PROBLEM DETAILS. Please leave out pictures and print exactly the lines from the one that has "26 °C konstante" through the last line of the material below.

DATA SHOWN.
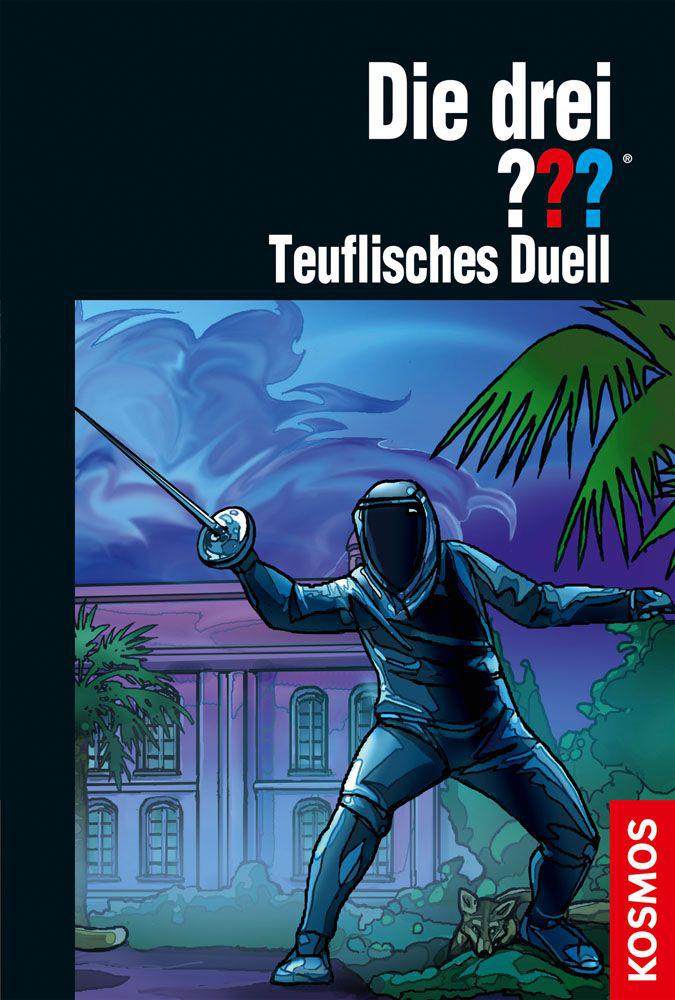 Die drei ??? - Schattenwelt 1: Teuflisches Duell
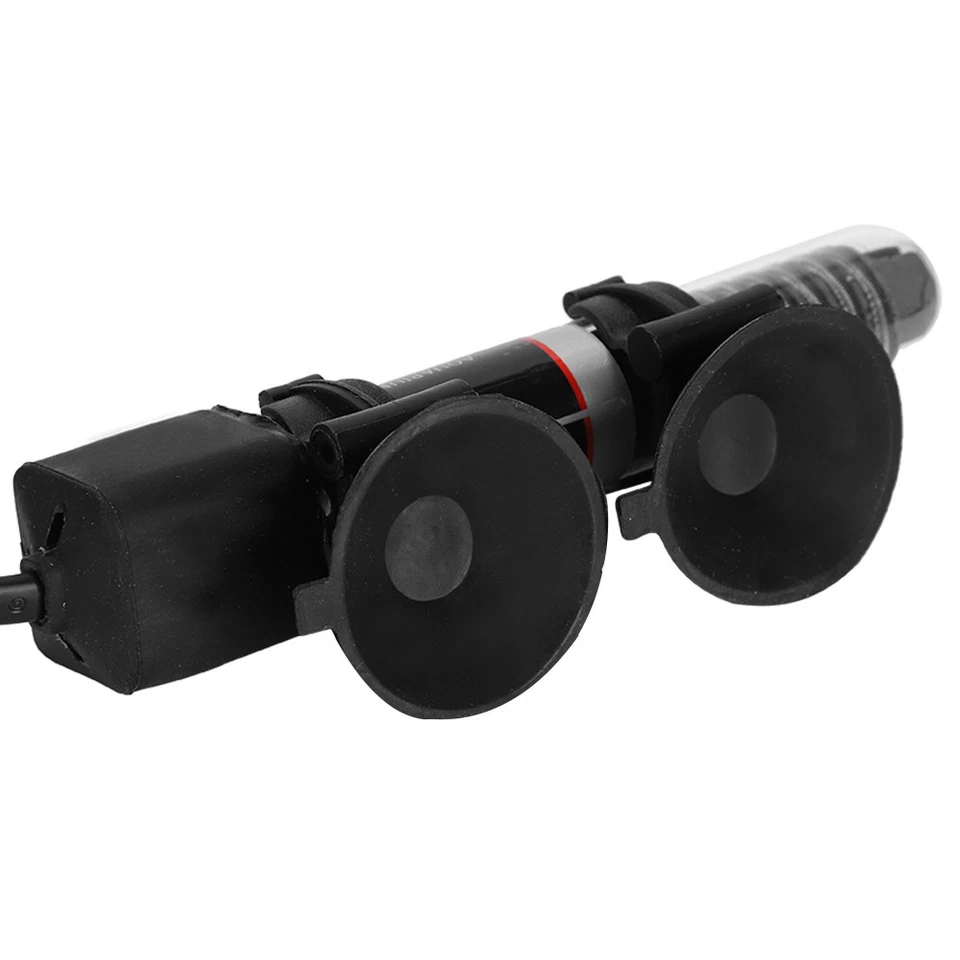 26 °C konstante Temperatur Mini Aquarium Heizstab Tauch thermostat heizung - Bild 4 von 4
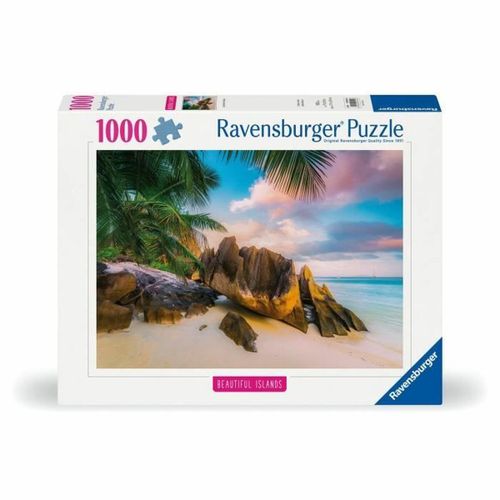 Puzzle Ravensburger Seychelles slika 1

EXERCISE OUTPUT.
 26 °C konstante Temperatur Mini Aquarium Heizstab Tauch thermostat heizung - Bild 4 von 4
 Puzzle Ravensburger Seychelles slika 1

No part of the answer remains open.